Drivers have weighed in on the new-for-2024 Full Course Yellow regulations, which proved a major talking point after the Penrite Oil Sandown 500.

Initially tested at last year's Gold Coast 500, the FCY was first deployed at the Bathurst 500 in February. Remarkably, the Safety Car had only been deployed in four more races before Sandown.

Sandown was the first Supercars endurance race to use the new FCY rules. While the new system proved a major benefit to safety, there were questions over the length of the Safety Car and FCY periods, as well as the 80km/h speed limit. All told, the field was under FCY/SC conditions at Sandown for 21 laps.

Race Control confirmed to teams on the morning of the Sandown race that the FCY would run for a minimum of two laps, which ultimately allowed teams to pit both cars on consecutive laps, eliminating the need to double-stack.

However, the length of the FCY/SC periods removed an element of “risk” for drivers and teams on strategy, according to Team 18’s David Reynolds.
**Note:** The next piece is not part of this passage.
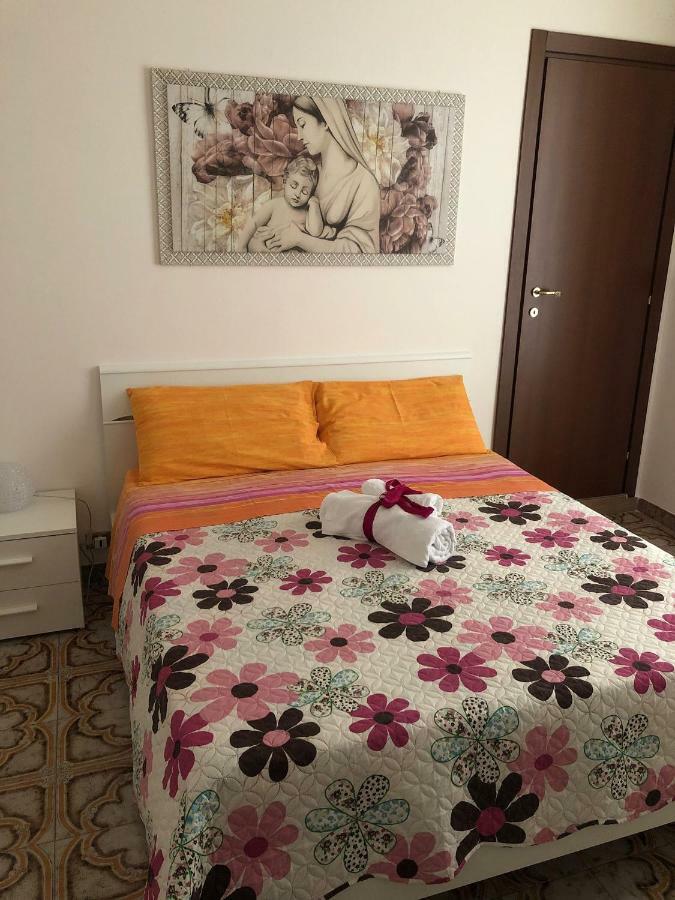 Cupersanum B&B Conversano Esterno foto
Notably, a late FCY/SC period nullified a bold strategy call by Penrite Racing, which pitted Matt Payne for new tyres late in the race, only to be covered off on the following lap by rivals.
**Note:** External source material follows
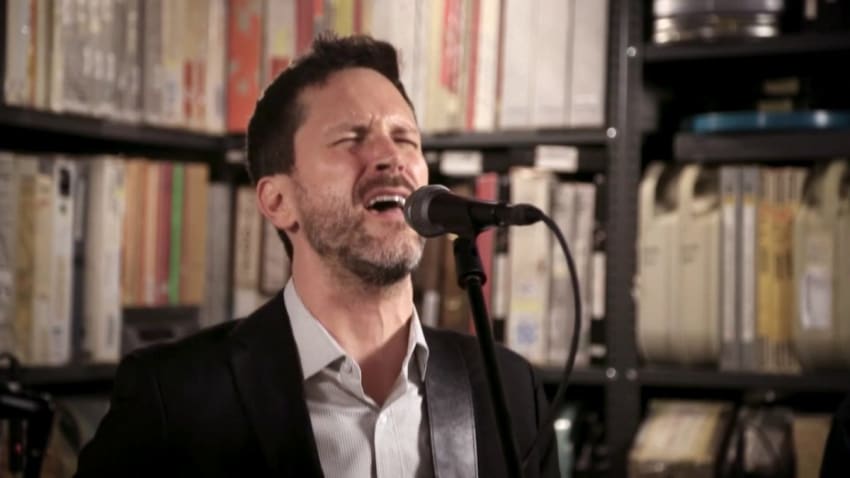 Ranky Tanky - Good Time - 1/13/2020 - Paste Studio NYC - New York, NY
The bp pulse Safety Car was deployed five times following FCY periods at Sandown, and there was only one FCY period for debris.

Speaking on the latest Drivers Only episode, Payne’s co-driver Garth Tander suggested a late Safety Car period, deployed for the stricken Brodie Kostecki car, went for too long.

“Brodie’s car was out of danger [on the run to Turn 6], they recovered the car after the first FCY lap,” Tander said.

“A few cars jumped in because they thought it was going to be a short one, so they jumped in and took the gamble late in the race to put fresh tyres on.

“Then there was a further two laps after that, and anyone that missed the first lap went, ‘Oh, that’s a good idea, let's do that and cover them'. And then the ones that finally went, ‘Oh, now we’re in trouble, we’ve got to cover them off’. Three laps for what I felt like was a one-lap Full Course Yellow.”

Tander added: “This was all done so we could get safety marshals and officials on the track more quickly, because the cars are instantly down to 80km/h.

“It’s so we can get the recoveries done more quickly so we can get back to racing more quickly. But somehow we’re tripling the time it takes to do a minor recovery.”

With an eye on the upcoming Repco Bathurst 1000, Reynolds said: “The way the rule is happening, they do two laps under FCY before they put the Safety Car out.

“It does work sometimes, but not all the time, I think… Brodie was stuck on the side of the track, but we still passed him at 260km/h for a lap before the FCY came out.

“We can’t do FCY for two laps at Bathurst. It’ll be 12 to 15 minutes under FCY. It’ll be twice as long."

The 15-second countdown also brought an element of danger, with Reynolds notably caught out, hitting Will Davison on the pit straight as drivers slowed down to 80km/h at different intervals. The drivers admitted they were looking at their dashes as they slowed down to the 80km/h limit.

On the countdown procedure, Thomas Randle told Supercars.com’s Schick Cool Down podcast: "You're trying to race to the countdown, and obviously some people were putting it on early — majority would, I'd say were [co-drivers] because they haven't done this before.

"We've had a few more chances, we've gone through it a few more times this year as the main drivers. I don't know whether there's a better way. Obviously there was a lot of full course yellow laps.

"I understand the idea behind it and I think it's great in terms of a safety aspect, but whether there's a better way, I don't know the answer to that.

"The thing obviously with this Full Course Yellow is that the risk for pitting early now is massive. Whereas pre-Full Course Yellow, you can pit whenever, and what would happen is you would race essentially to Safety Car Line 2, the one at the pit exit.

"So, if someone pitted 10 laps before you, you're still in the race with that person, or vice versa. What happened to me, and it happened to a few other people during the race, you do an early pit, and if there's a Safety Car, you obviously keep racing until the pit cycle's done.

“But you're racing hard and there could be a massive accident or whatever… you’re stuck between a rock and a hard place."